**WHAT IS NEEDED**
Write out every entry exactly as it appears, omitting the pictures.

Records excerpted from a collection:
•••
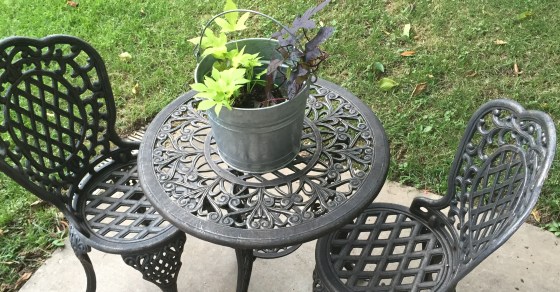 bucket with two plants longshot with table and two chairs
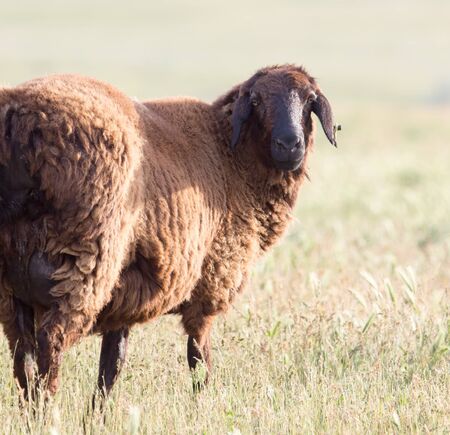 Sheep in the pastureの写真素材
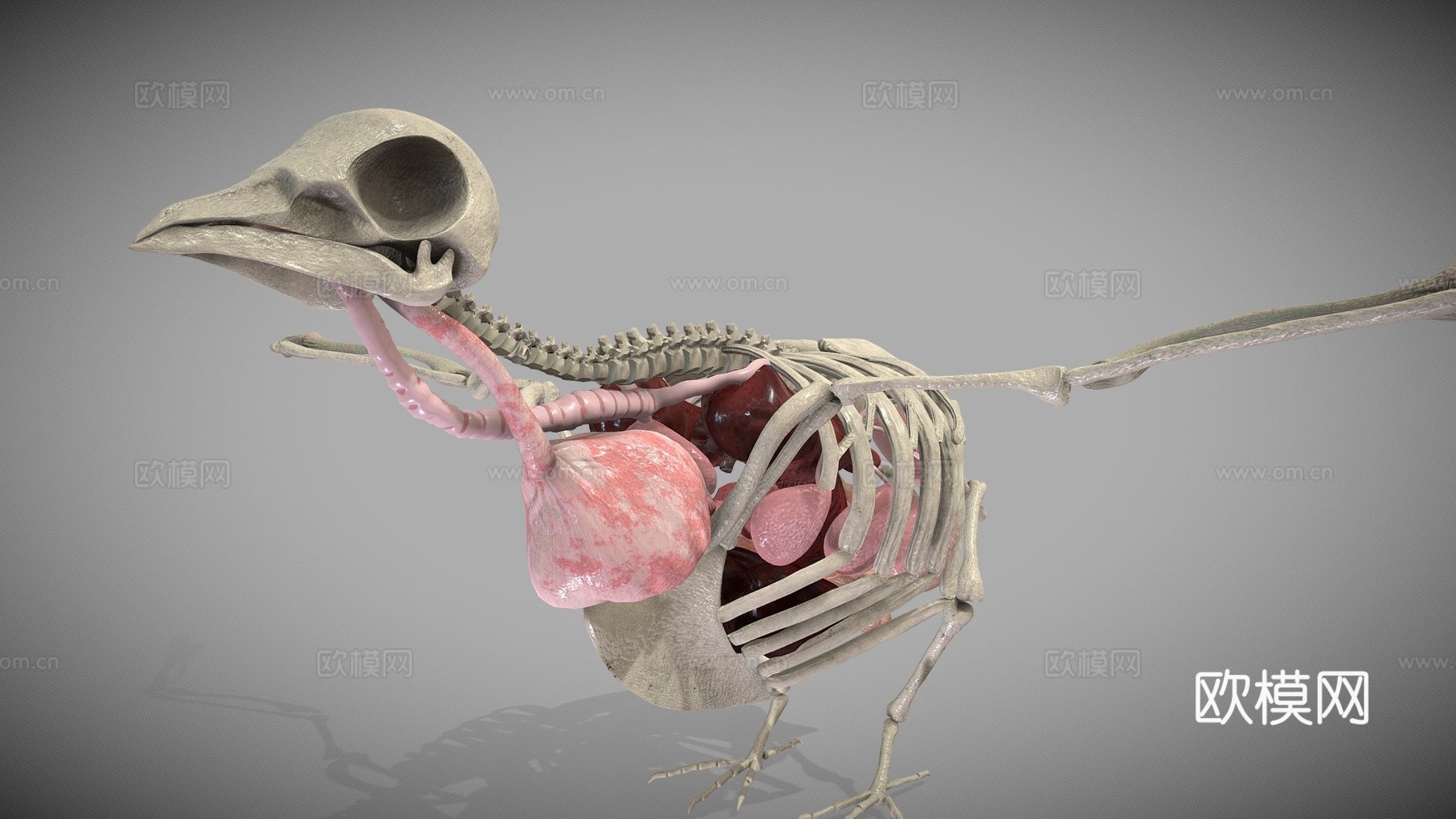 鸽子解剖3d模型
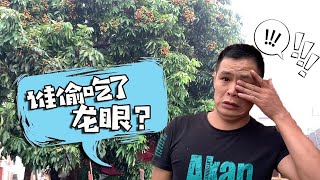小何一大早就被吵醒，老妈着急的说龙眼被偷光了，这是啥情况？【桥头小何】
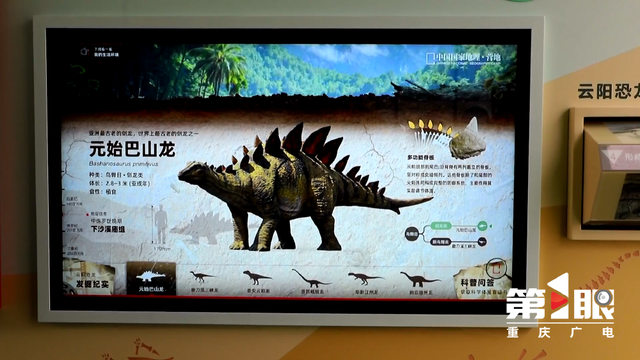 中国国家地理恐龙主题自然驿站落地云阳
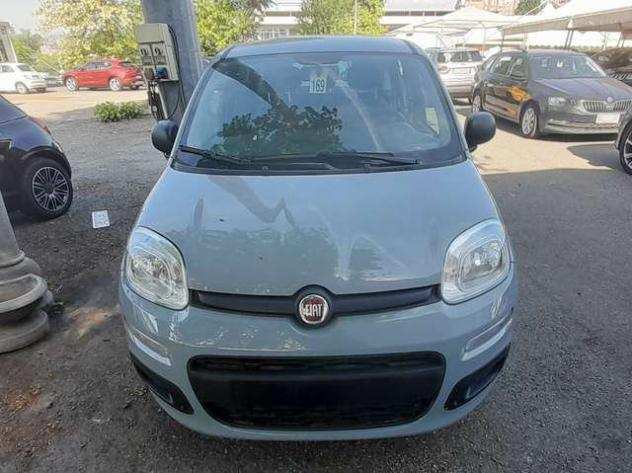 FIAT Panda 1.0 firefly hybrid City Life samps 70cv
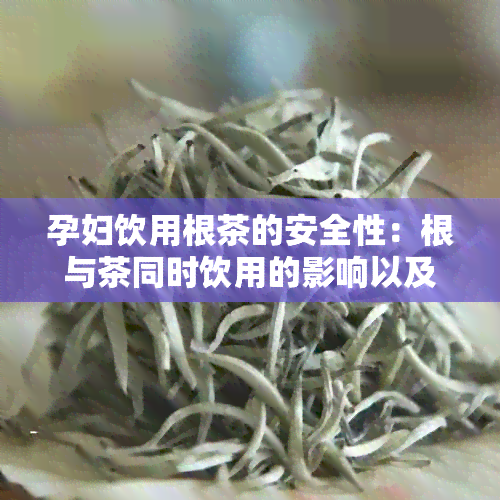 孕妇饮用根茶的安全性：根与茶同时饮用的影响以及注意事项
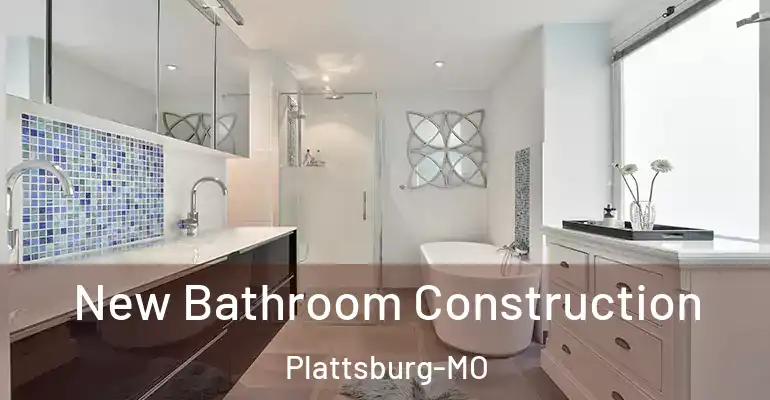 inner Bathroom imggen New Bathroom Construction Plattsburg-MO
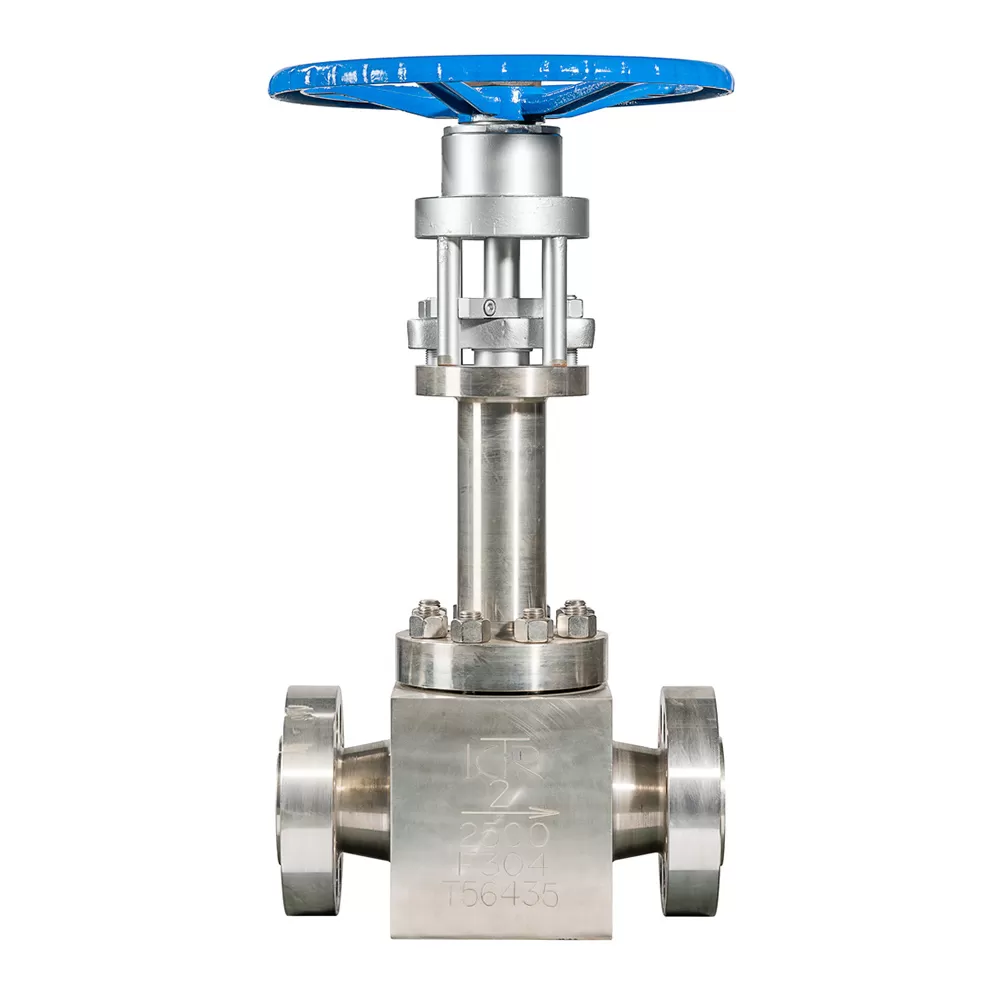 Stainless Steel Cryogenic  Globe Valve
•••
**EXERCISE RESULT**
 bucket with two plants longshot with table and two chairs
 Sheep in the pastureの写真素材
 鸽子解剖3d模型
小何一大早就被吵醒，老妈着急的说龙眼被偷光了，这是啥情况？【桥头小何】
 中国国家地理恐龙主题自然驿站落地云阳
 FIAT Panda 1.0 firefly hybrid City Life samps 70cv
 孕妇饮用根茶的安全性：根与茶同时饮用的影响以及注意事项
 inner Bathroom imggen New Bathroom Construction Plattsburg-MO
 Stainless Steel Cryogenic  Globe Valve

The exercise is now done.